Data extract:
Start of Block

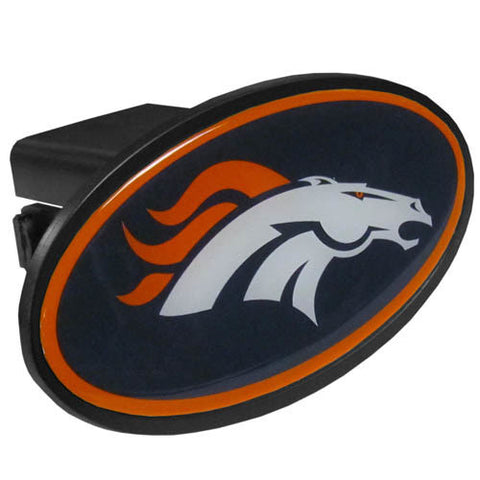 Denver Broncos Plastic Hitch Cover Class III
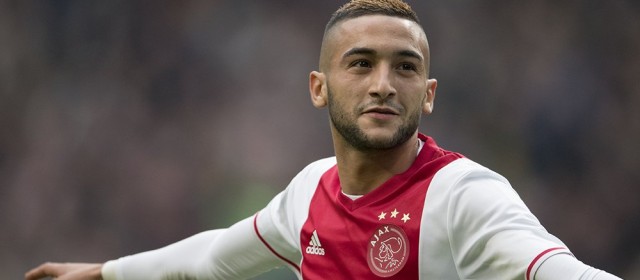 Social Scouting: Hakim Ziyech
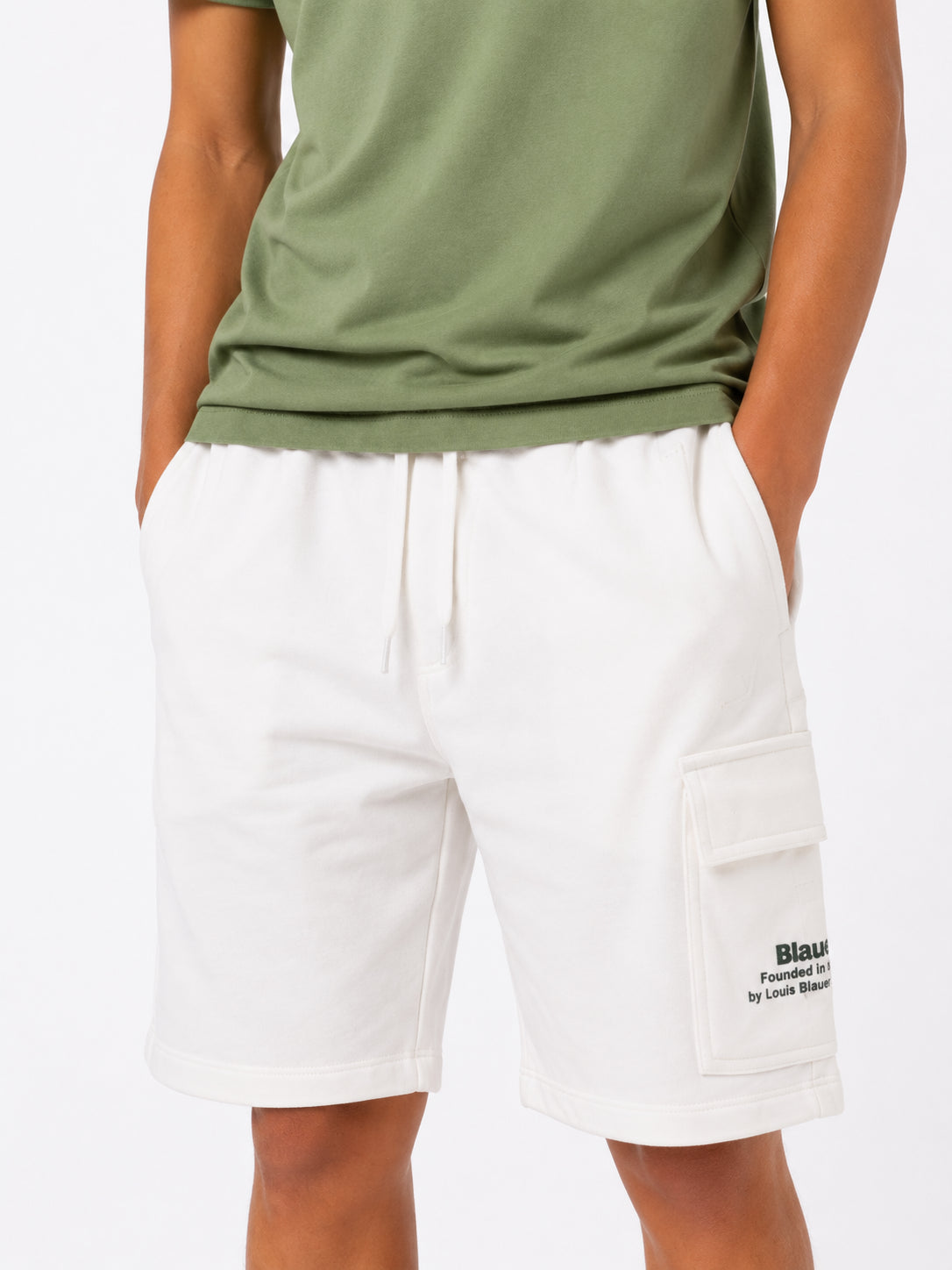 26SBLKP05531 - Pantaloncini - Blauer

End of Block

Print the material above exactly, skipping its images.

 Denver Broncos Plastic Hitch Cover Class III
 Social Scouting: Hakim Ziyech
 26SBLKP05531 - Pantaloncini - Blauer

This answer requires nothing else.